**Exercise description**
Write out word for word each line of the records, beginning at the first and stopping after the line with "Neu BMW X5 Comfort". Leave the pictures out.

[Crawled caption data]
########################################

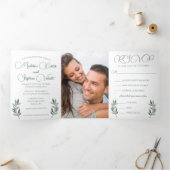 Elegant Eucalyptus Leaf Modern Photo Fall Wedding Drieluik Uitnodiging (Binnen)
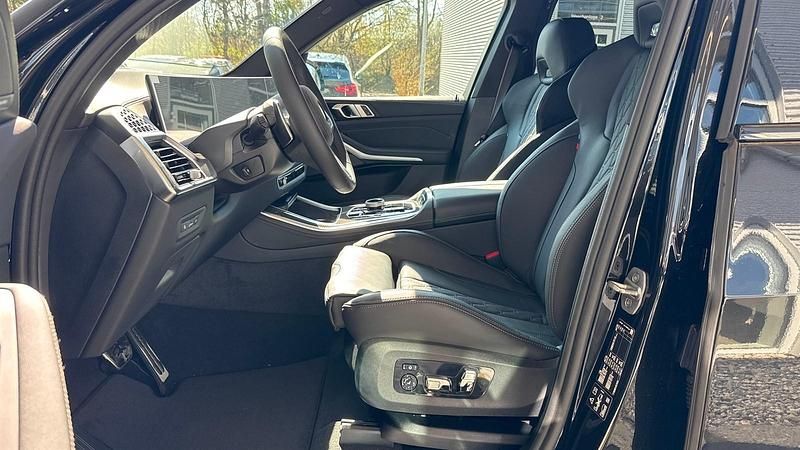 Neu BMW X5 Comfort Edition 352 PS (258 kW) 2026 Saphirschwarz metallic SUV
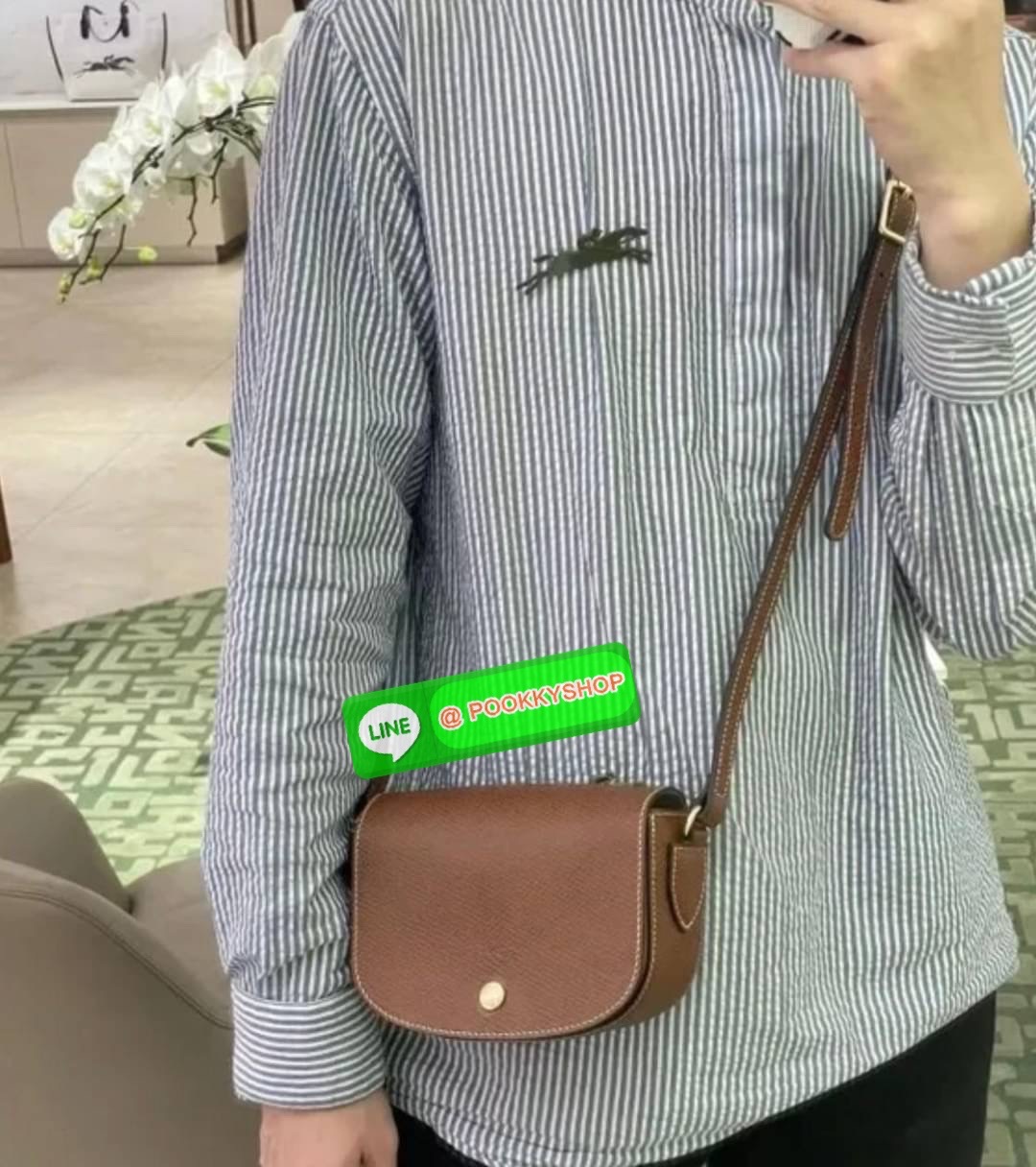 💕Longchamp Epure Crossbody Bag ด้วยรูปแบบที่ชวนให้นึกถึงฝาพับของ Le Pliage กระเป๋าสะพายข้างขนาดเล็กใบนี้มีทั้งความอ่อนเยาว์และความเป็นผู้หญิงในเสน่ห์ของมัน โดดเด่นด้วยรูปทรงกระเป๋าแบบอานม้า ยกย่องให้กับตำนานนักขี่ม้าของ Longchamp EPURE สายสะพายซึ่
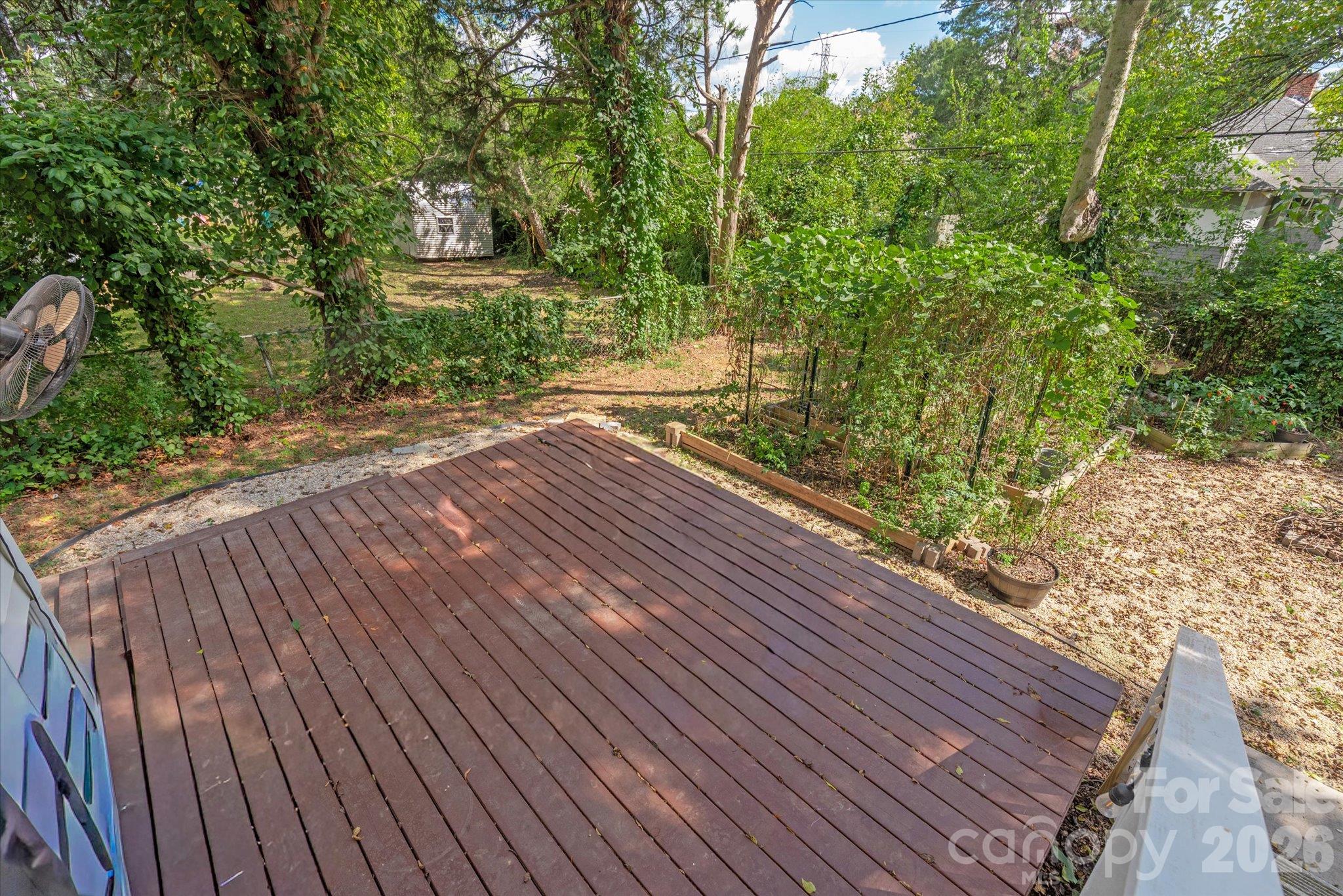 233 Florence Street Property Photo 33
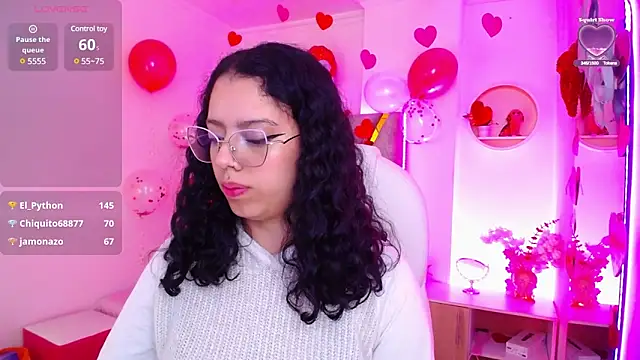 Snapshot of Aurora_Brownn chatting on February 10, 2025, 4:08 am Aurora Brownn online show from February 10, 2025, 4:08 am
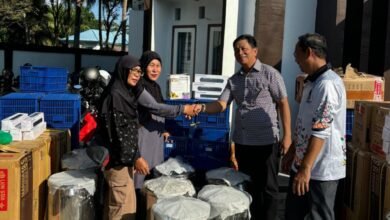 Dukung Kesejahteraan Nelayan, H. Nurul Anwar Serahkan Bantuan Alat Tangkap dan Pengolahan Ikan di Barito Utara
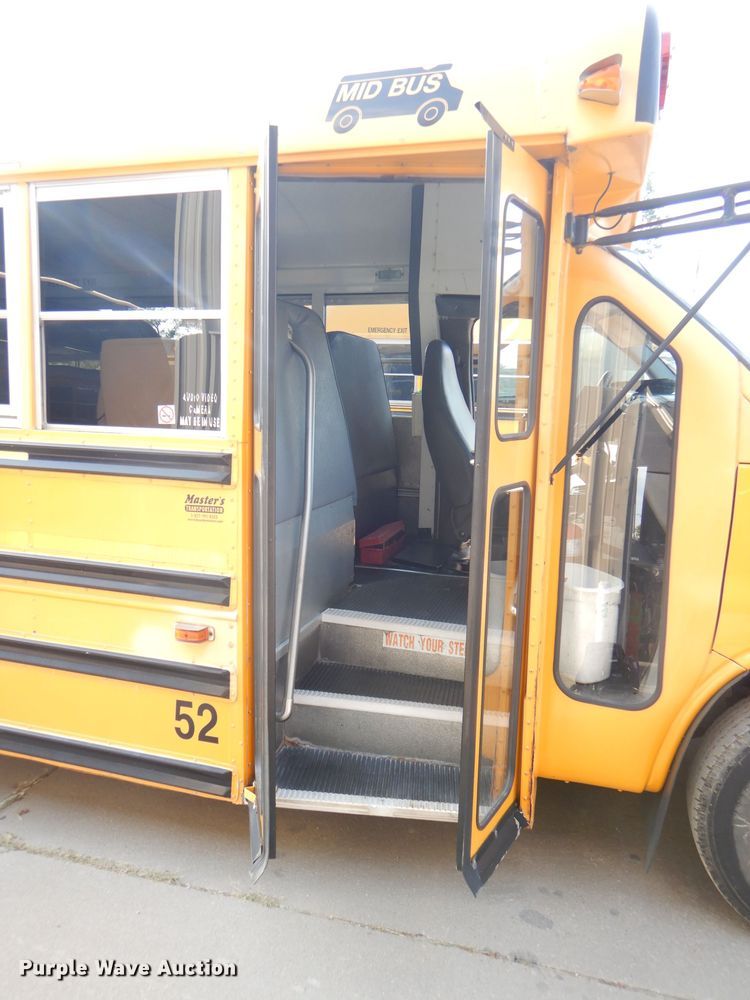 image for item DI2533 2004 GMC Savana G3500 school bus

########################################

**Final answer**
 Elegant Eucalyptus Leaf Modern Photo Fall Wedding Drieluik Uitnodiging (Binnen)
 Neu BMW X5 Comfort Edition 352 PS (258 kW) 2026 Saphirschwarz metallic SUV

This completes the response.